Example of WorldPay profiteering
We were contacted by a merchant who received a rate increase letter from WorldPay. This merchant is an online retailer selling mainly to trade, taking approximately £1million per year in cards with an average transaction value just under £300. A high proportion of their transactions are Visa business debit.
Prior to the increase they paid 0.447% for Visa business debit (the same rate that they paid for Visa consumer debit) on just over £47,000 of transactions (see statement extract below).
The increase passed onto the merchant by WorldPay took their Visa business debit rate to 1.816% (see below). This represents an increase of 1.369% or a four fold increase in their costs for Visa business debit!! This merchant is below the transaction value cap so WorldPay’s interchange cost increase is a mere 0.1% + 4p.

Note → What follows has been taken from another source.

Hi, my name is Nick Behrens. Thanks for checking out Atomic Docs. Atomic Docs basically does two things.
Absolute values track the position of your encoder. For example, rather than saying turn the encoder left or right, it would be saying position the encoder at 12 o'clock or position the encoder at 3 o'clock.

This has a massive impact on the amount of additional profit that WorldPay makes on this merchant and a corresponding adverse impact on the merchant’s cost base. Here’s an illustration comparing WorldPay’s profitability prior to and following the increase for just the £47,012 of Visa business debit cards accepted by this merchant in just one month :
|Old Rate||New Rate||Difference|
|Interchange rate||0.2% + 1p||0.3% + 5p||0.1% + 4p|
The rate increase gives WorldPay an additional £643.60 of MSC income (which is the same amount the merchant’s costs increases by). WorldPay’s interchange costs have only increased by £53.37 so that gives WorldPay additional profit of £590.23. Its profit margin on Visa business debit increases from 120% to an astounding 473%.

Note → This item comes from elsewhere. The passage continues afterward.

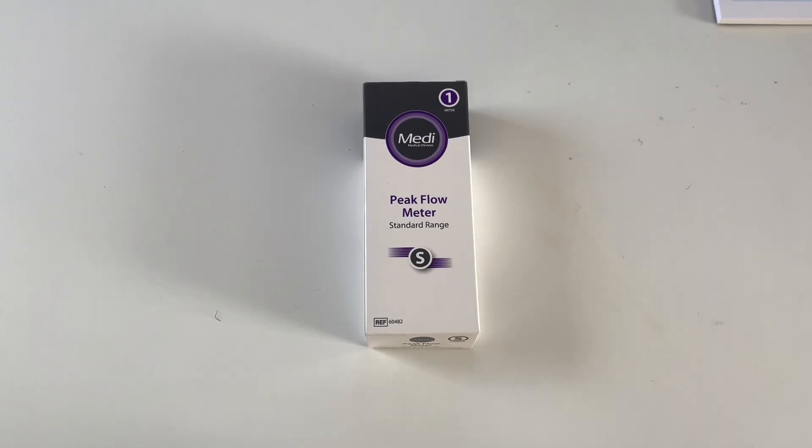Dari, hello. It's the middle of June 2022 and you are looking at the MEDI peak flow meter standard range.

How does WorldPay and other acquirers get away with this ?
In any other industry a four-fold increase in a customer’s bill without a corresponding increase in the supplier’s cost base would be unheard of. So how do acquirers justify this?

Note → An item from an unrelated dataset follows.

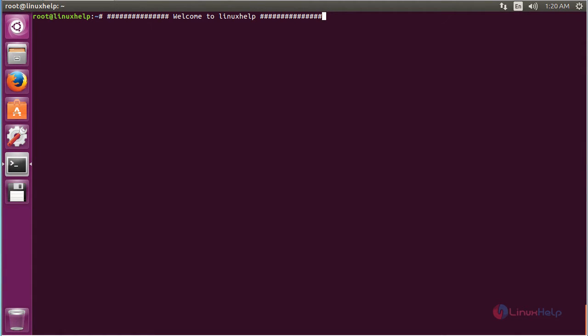Welcome to LinuxHelp.com. In this session, we are going to see about how to install Valentina on Ubuntu 16.04. Valentina is an open source software for creating clothing articles, among others. It allows the user to create cloth patterns using either standard size or custom size of measurements using traditional methods to create unique patterns.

Rule 1 – blame MasterCard and Visa. Most merchants are sufficiently unfamiliar with interchange rules and changes that they’ll accept this excuse at face value. Have you noticed that acquirers never provide details of the cost increases they have suffered and are passing on – the language is always woolly and non-specific. The other factor is that whilst interchange rates are publicly disclosed, scheme fees are not so there is no way for an ordinary merchant to evaluate if price rises are justified.
Rule 2 – confuse the card type. Business debit is often referred to as commercial debit and it is then very easy just to lump business debit in with commercial credit cards which everyone understands cost more than consumer cards. Few realise that whilst commercial credit cards carry interchange close to 1.4%, the interchange cost of business debit is closer to consumer credit and debit cards, ie 0.3%.
Rule 3 – hope your customers don’t notice. Most businesses will not take a high proportion of business debit cards so this change may not add much to their overall bill. However B2B businesses whose customers are other businesses will take a high proportion of business debit and will be materially affected. Concessions can be made to that small element of B2B businesses whilst the majority of customers swallow the price increase.
What can you do to save on business debit ?
The answer is simple and the same as always…….
In their rate increase letter, WorldPay are keen to stress that changes impact all merchant acquirers, ie theres no point in looking elsewhere as everyone will be doing the same. That just isn’t the case – we spoke with various providers and partners and the vast majority are pricing Visa business debit at only 0.1% – 0.2% higher than consumer debit. So there is value in shopping around and switching.